Data excerpts
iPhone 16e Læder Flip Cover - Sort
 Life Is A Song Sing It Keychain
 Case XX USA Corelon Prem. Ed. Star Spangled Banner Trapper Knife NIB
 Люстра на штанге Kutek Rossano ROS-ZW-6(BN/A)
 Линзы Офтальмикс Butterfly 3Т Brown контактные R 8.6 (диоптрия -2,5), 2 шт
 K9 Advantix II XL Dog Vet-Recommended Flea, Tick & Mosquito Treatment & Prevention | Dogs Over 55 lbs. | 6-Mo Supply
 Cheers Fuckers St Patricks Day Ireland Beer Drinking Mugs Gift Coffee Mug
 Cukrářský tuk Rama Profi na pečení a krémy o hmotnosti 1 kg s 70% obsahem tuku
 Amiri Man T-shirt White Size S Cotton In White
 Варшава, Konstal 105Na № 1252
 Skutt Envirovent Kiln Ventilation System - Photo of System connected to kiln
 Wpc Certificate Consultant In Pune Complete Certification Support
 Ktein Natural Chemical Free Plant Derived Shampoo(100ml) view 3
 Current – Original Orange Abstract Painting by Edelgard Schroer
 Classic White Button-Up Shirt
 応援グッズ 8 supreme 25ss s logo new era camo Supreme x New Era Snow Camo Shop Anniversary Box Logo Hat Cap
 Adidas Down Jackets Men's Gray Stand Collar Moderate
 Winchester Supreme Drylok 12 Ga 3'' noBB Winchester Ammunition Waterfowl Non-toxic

- Action item
Write out each line exactly, starting with the line that contains "Classic White Button-Up Shirt" and stopping after the last line of the data.

- Task result
 Classic White Button-Up Shirt
 応援グッズ 8 supreme 25ss s logo new era camo Supreme x New Era Snow Camo Shop Anniversary Box Logo Hat Cap
 Adidas Down Jackets Men's Gray Stand Collar Moderate
 Winchester Supreme Drylok 12 Ga 3'' noBB Winchester Ammunition Waterfowl Non-toxic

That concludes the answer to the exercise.